To say that consumers are acquisitive is to say that, unless satiated, they want more of all commodities and services. As economists recognize, this claim is a caricature of human behavior. Like the other generalizations, it might be defended as a reasonable first approximation; as a harmless distortion of reality that is required for the construction of a manageable theory. One might argue that it captures a causal “tendency” that is central to economic behavior. Alternatively, one might argue that, given the presence of markets, to regard people as acquisitive is not such a gross exaggeration after all. Since one can always sell one’s fifth computer and donate the money to a favorite charity, even altruists might prefer a commodity bundle containing five computers to one containing only four. The objection that selling a used computer is not costless in terms of time and hassle misses the mark, because, to the extent that it is correct, it is not the case that the five-computer commodity bundle differs from the four-computer bundle only in the number of computers.
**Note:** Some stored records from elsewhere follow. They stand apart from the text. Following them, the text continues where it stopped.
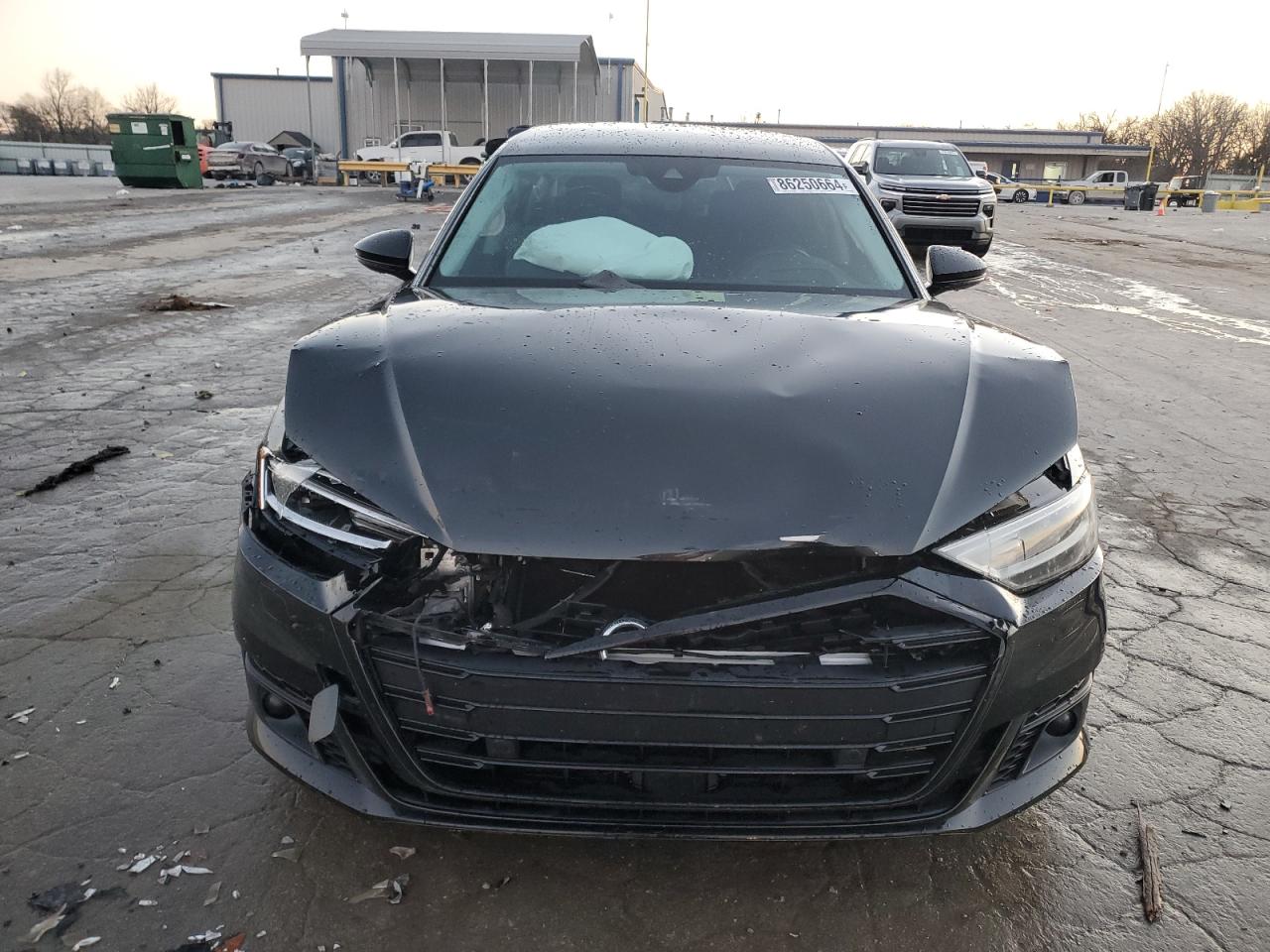 2020 Audi A8 VIN WAU8EAF82LN004241 Copart auction photo, front end damage thumbnail 5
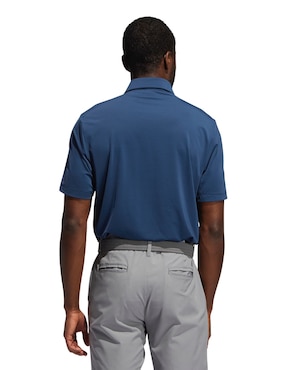 Playera tipo polo ADIDAS para hombre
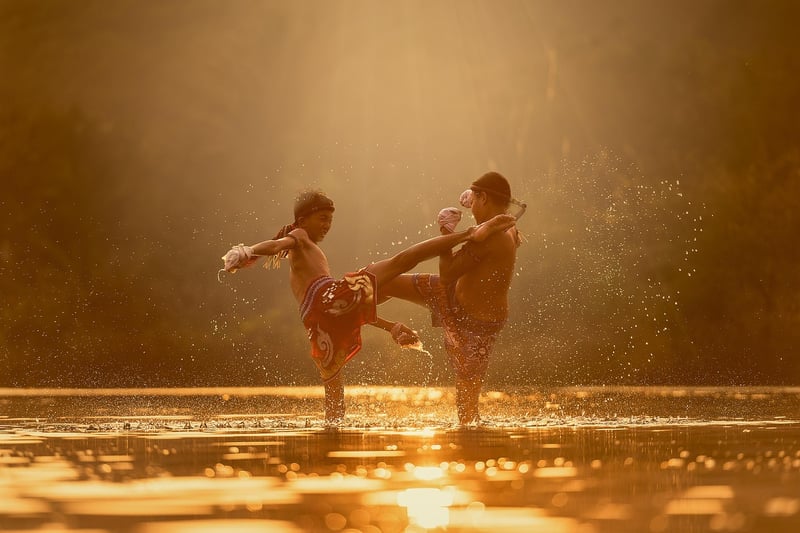 Tai Chi Pose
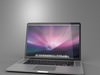 Apple MacBook Pro with Retina display 15 inch display 3D Model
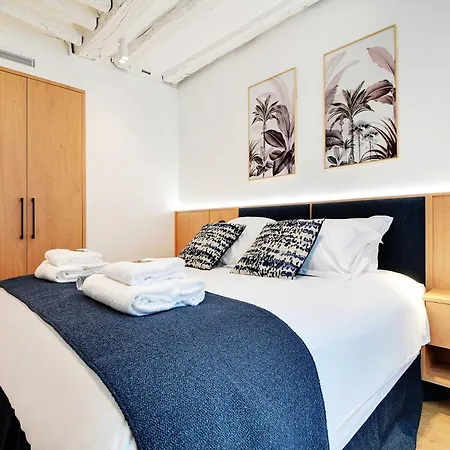 Welcoming - 2br 6p - Sainte-avoye *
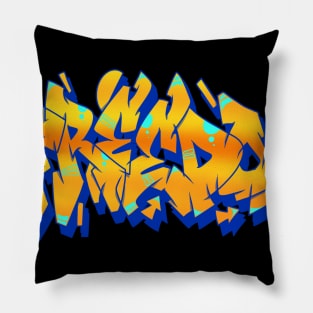 Freedom graffiti Pillow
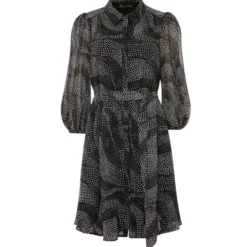 Vestido Corto Con Líneas Miriam Mujer -Tienda Barata Femvesti 43169234 x4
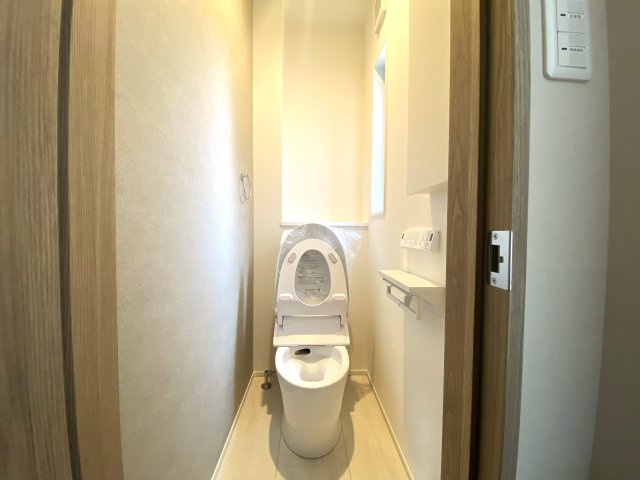 マ・メゾン　佐伯区藤の木二丁目　№95のトイレ|1階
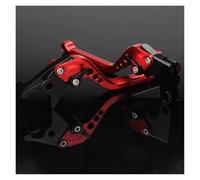 FZCSIMR Palancas Embrague Freno Motocicleta para Aprilia RX125 SX125 RX SX 125 2021 2022 2023 Accesorios Palanca Embrague Freno Ajustable Motocicleta Embrague Freno Motocicleta(Rojo)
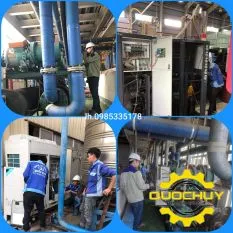Sản phẩm bao tri he thong lanh33221 — Công Ty TNHH DV-TM Cơ Điện Quốc Huy — MST 3502269289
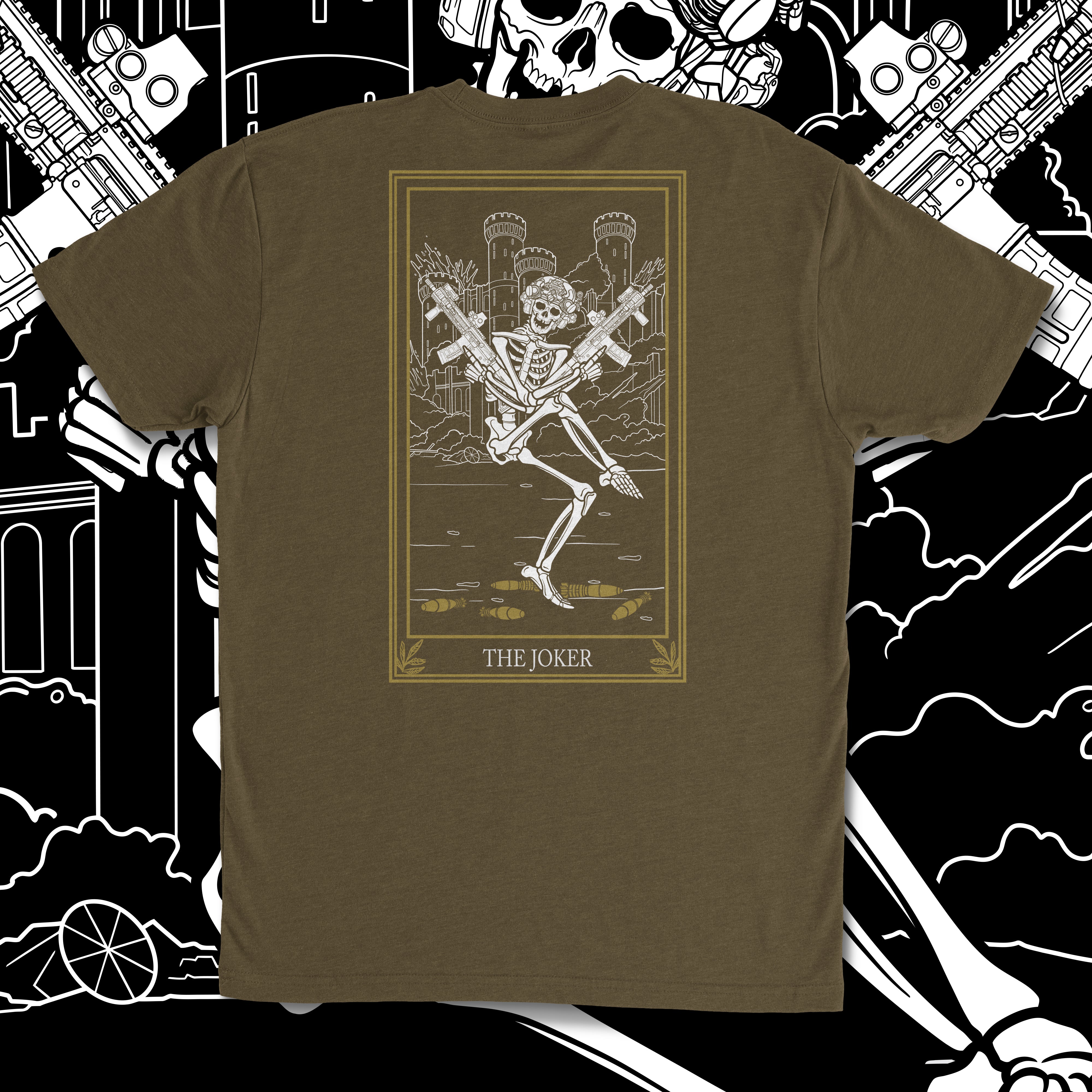 The Joker - Mission Ready Classic Tee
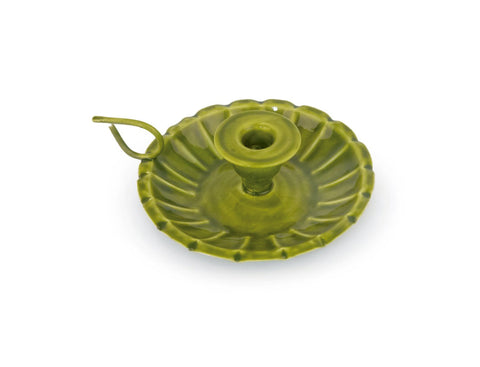 Helio Ferretti: Portavelas floral (Varios tipos)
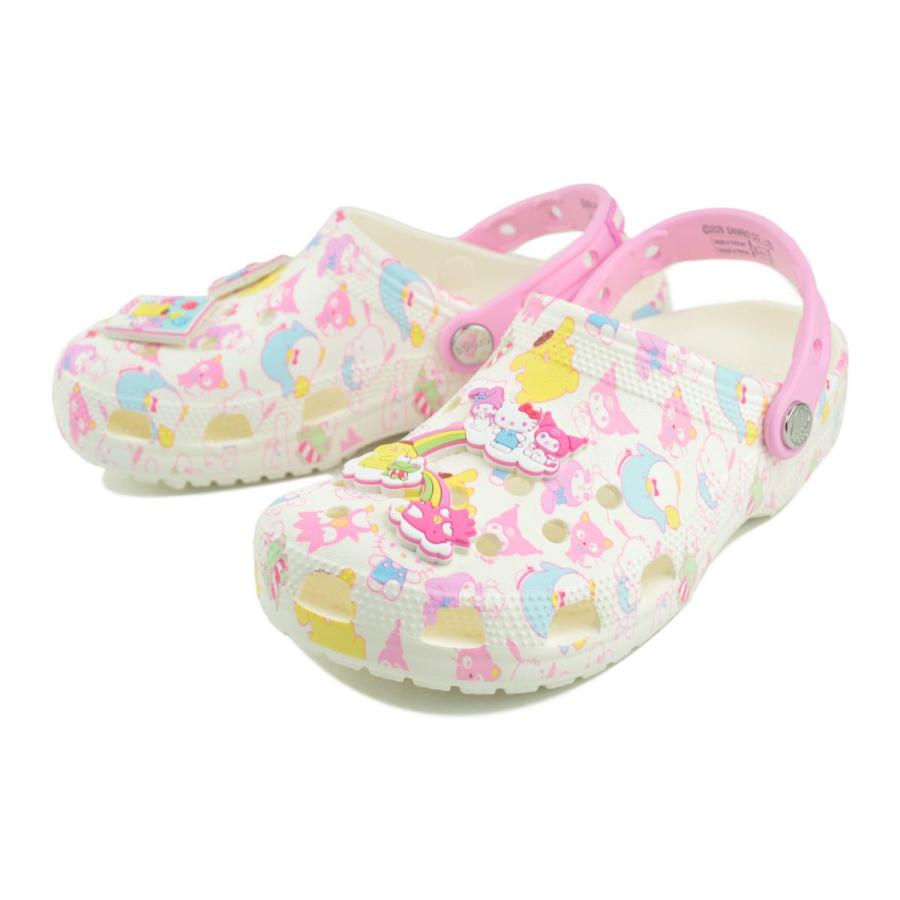 crocs（クロックス） crocs HELLO KITTY FRIENDS PASTEL CLASSIC CLOG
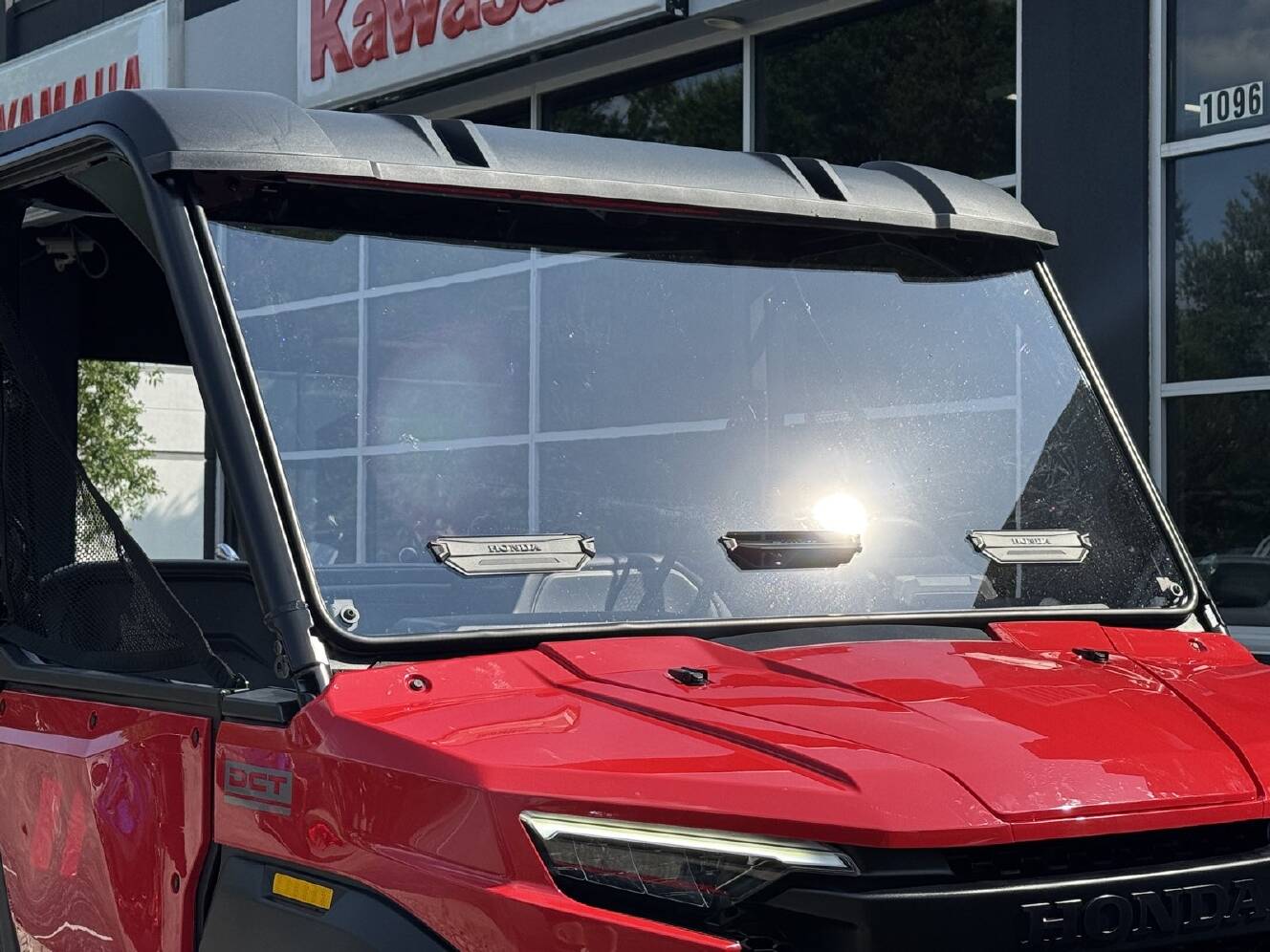 A photo of this 2026 Honda Pioneer 1000 Deluxe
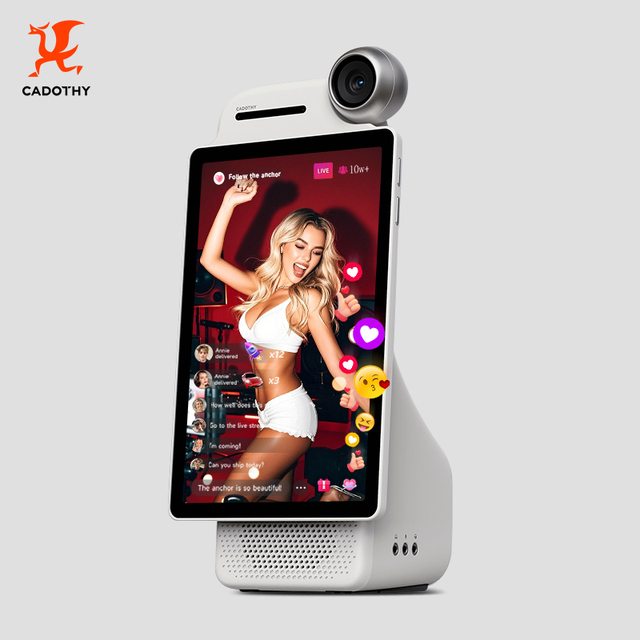 CADOTHY IBig 5S Portable Live Streaming Hub for for 24/7 Online Selling, Social Media, Gaming & Events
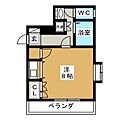 フォレストコートカサイ5階8.0万円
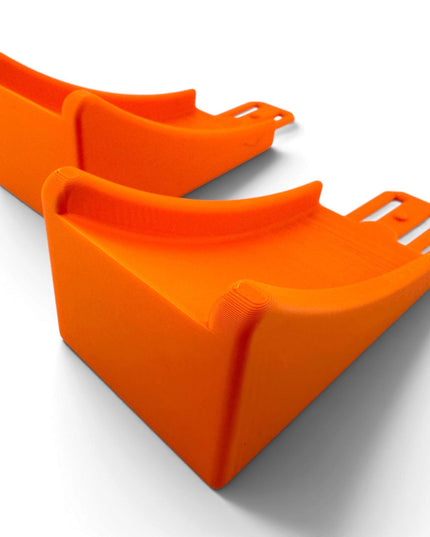 Jeff Did It! - 1/64 Scale 2 Jump Ramp Set - Great Gift - Works on Hot Track - 3D Printed - Designed and Manufactured in America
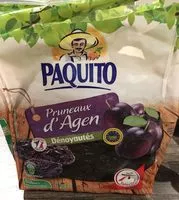 Mängden socker i Pruneaux d'Agen très gros dénoyautés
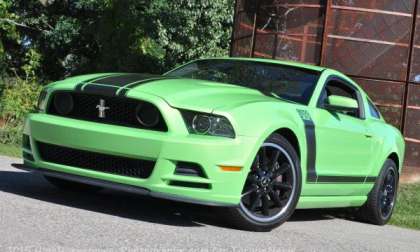 2013 boss 302 mustang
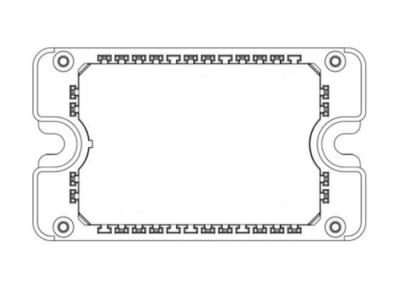 China 4N-Channel Mosfet Array MSCSM170HM23CT3AG Full Bridge SiC MOSFET Power Module 602W Te koop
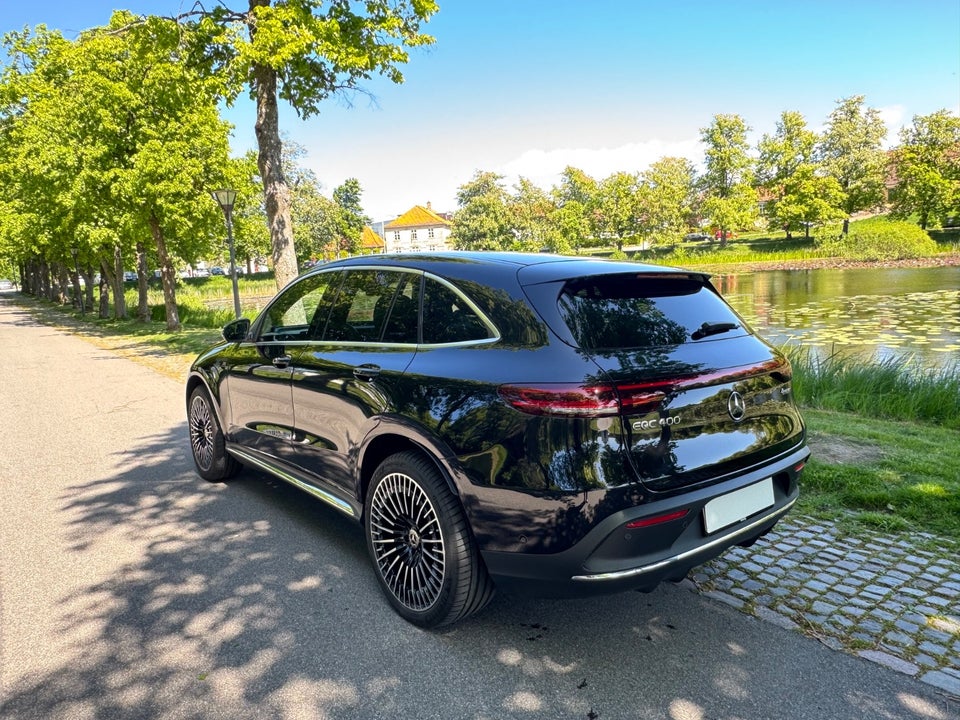 Mercedes EQC400 AMG Line 4Matic 5d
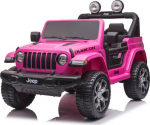 Lean Cars Pojazd na Akumulator Jeep Wrangler Rubicon DK-JWR555 Pink | 12923 | 5905323210875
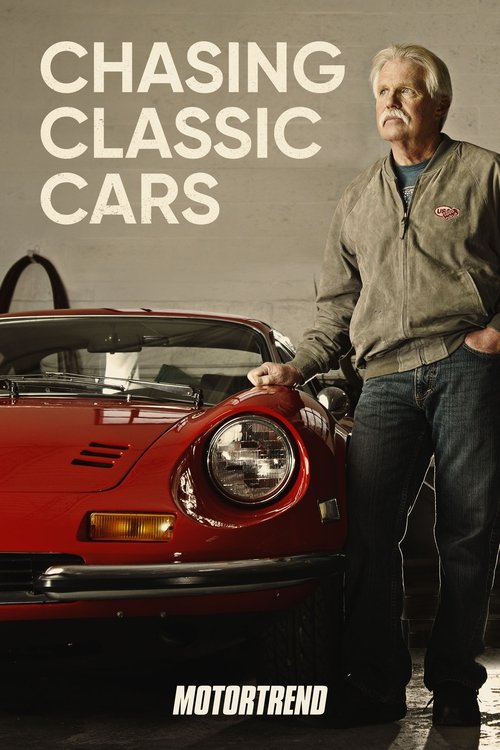 Series poster for Chasing Classic Cars (2008)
On the contrary, the five-computer bundle arguably possesses less leisure.Footnote ⁶

If individuals are acquisitive, then their immediate objectives are self-interested, for their preferences are over bundles of goods and services, and by denying any interdependence of preferences economists rule out commodities or services such as food for starving Ethiopians, which might be on sale from Oxfam. Acquisitiveness demands that the satisfaction of the preferences of others not be included, even implicitly, among the arguments of my utility function.Footnote ⁷ Acquisitiveness identifies options with commodity bundles and implies that choices are based on wanting more of everything. Whereas utility theory is perfectly consistent with altruism, the claim that people are acquisitive rules out immediately altruistic objectives. It is the assumption that consumers are acquisitive that confines attention not only to “rational man” but to “economic man,” who is motivated by the pursuit of what money can buy. The claim that people are acquisitive rules out both direct concern with the plight of others and envious concern with the successes of others. Although overly cynical economists and students of economics may believe that people are exclusively acquisitive, a more charitable interpretation attributes to economists the view that, although false, acquisitiveness is a useful exaggeration with respect to market behavior.

The “law” of DMRS implies that the amount that a consumer such as Penelope will pay for a portion of some good or service $x$ diminishes as the amount of $x$ that Penelope possesses increases. She is willing to pay less for her second bag of French fries than for her first. It is difficult to state DMRS in its full generality without the help of mathematics. A helpful way to grasp what it says is to use some old-fashioned language. Suppose that rather than merely indicating preferences, utility functions measure some quantity, such as pleasure, and that, as is the case in expected utility theory, utilities have cardinal, not merely ordinal, significance – that is, differences between the utilities of different alternatives are not arbitrary.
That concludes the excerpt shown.